Du reste les recettes variaient à l’infini. En voici une à l’usage des
sorciers espagnols: Prenez des crapauds, des couleuvres, des lézards,
des colimaçons, et les insectes les plus laids que vous pourrez trouver.
Écorchez avec vos dents les crapauds et les reptiles; placez-les dans un
pot avec des os d’enfants nouveau-nés et des cervelles de cadavres tirés
de la sépulture des églises. Faites bouillir le tout jusqu’à _parfaite
calcination_, et faites bénir par le diable.

Shakspeare, résumant dans ses drames splendides les croyances de son
pays et de son temps, nous offre dans _Macbeth_ une formule non moins
étrange. L’une des sorcières fait bouillir dans une chaudière, avec les
entrailles empoisonnées d’un personnage de la tragédie, un crapaud, un
filet de serpent, un oeil de lézard, du duvet de chauve-souris, une
langue de chien, un dard de vipère, une aile de hibou, des écailles de
dragon, des dents de loup, un foie de juif, des branches d’if coupées
pendant une éclipse, un nez de Turc, le doigt d’un enfant de fille de
joie, mis au monde dans un fossé et étranglé en naissant, le tout, après
parfaite cuisson, refroidi dans du sang de singe.
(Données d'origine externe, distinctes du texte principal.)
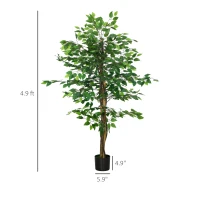 HOMCOM 5ft Artificial Tree, Indoor Fake Ficus with Pot for Home Office Living Room Decor(m-3)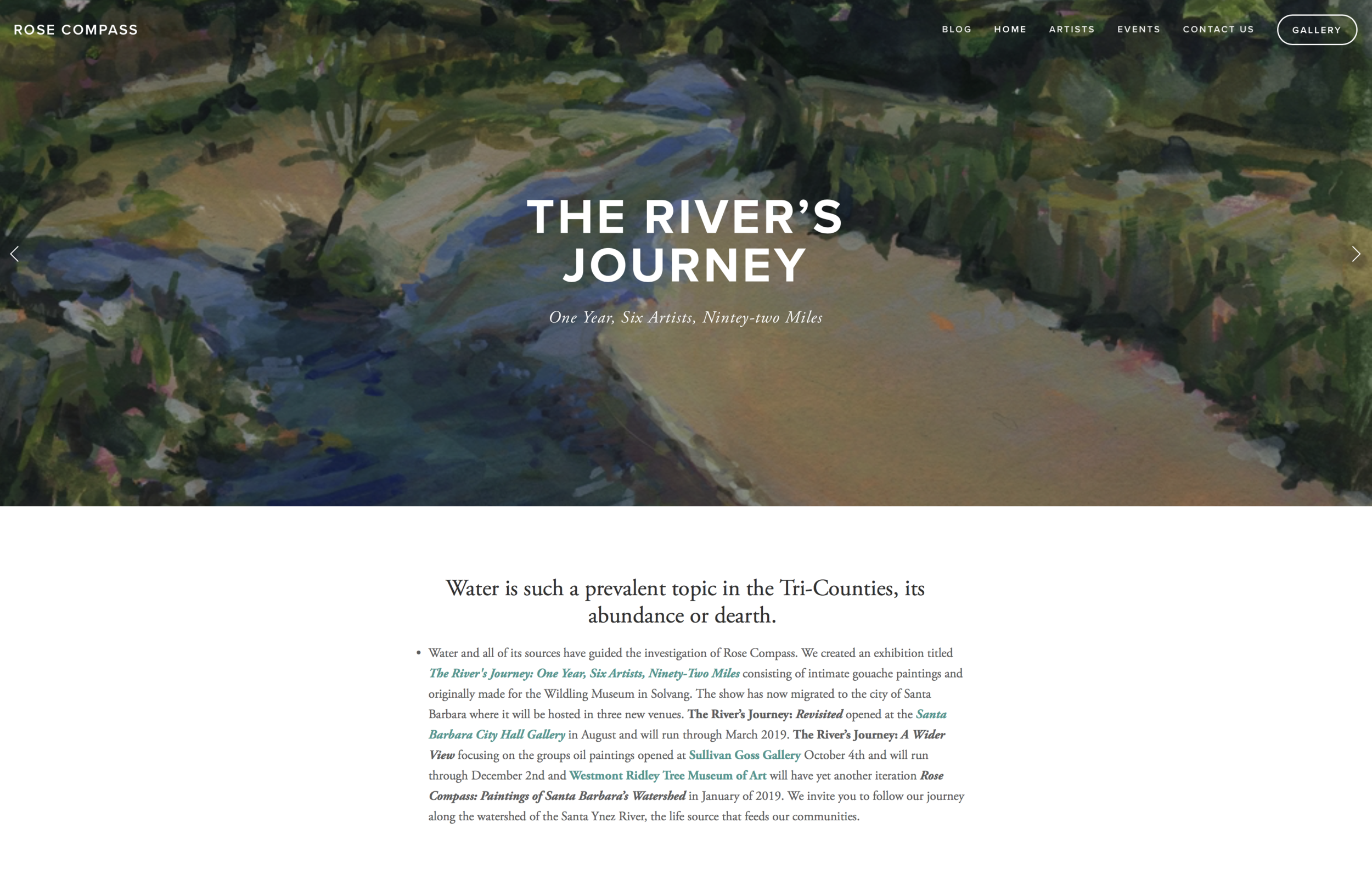 Landing Page for The River's Journey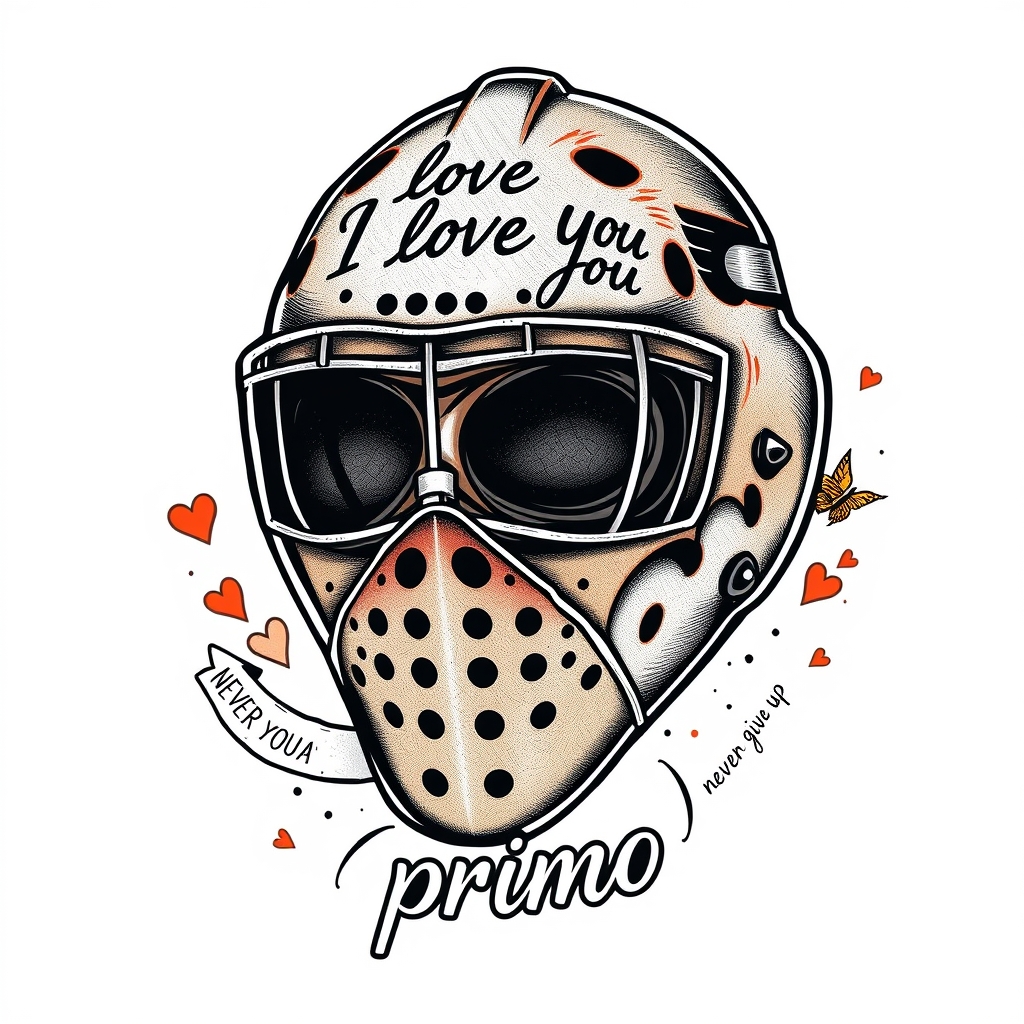A tattoo design of Bernie parent philadelphia flyers goalie mask with the phrase " I love you" " never give up " and the name " primo " in the style of surrealistic. - sports equipment tattoo design generated by AI tattoo generator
Dans les onguents ou breuvages destinés à produire l’amour, on employait
des têtes de milan, des queues de loup, des cendres de tableaux ou
d’images de saints canonisés, des cheveux d’hommes et de femmes. Tous
les mélanges dont nous venons de parler, outre les vertus qu’ils avaient
par eux-mêmes, devaient recevoir la consécration des paroles et des
conjurations magiques, et dans ces paroles il y avait toujours une
parodie des prières de l’Église, comme il y eut aussi quelquefois une
profanation de ses plus grands mystères par l’emploi sacrilége des
hosties consacrées.

Ainsi la sorcellerie recommandait pour ses pratiques tout ce que
l’imagination la plus souillée peut rêver de plus hideux. Sans doute il
faut faire ici une très-large part à la légende et au conte; mais il
nous paraît hors de doute que l’application de la plupart de ces
recettes a été souvent tentée, et il est facile de comprendre quelles
profanations, quels dangers, quels crimes même devaient en résulter:
aussi voit-on dans plusieurs textes de lois que le sorcier et
l’empoisonneur se confondaient souvent, et sous le règne même de Louis
XIV, Le Sage, Bonard, la Vigoureux, Expilli, qui, aux yeux de la foule,
avaient passé pour sorciers, ne se trouvèrent, en dernière analyse, que
des scélérats vulgaires, justiciables de la chambre des poisons. Il
était difficile, en effet, que des individus qui croyaient ou qui
feignaient de croire à de semblables folies n’arrivassent point
rapidement au dernier degré de la démoralisation.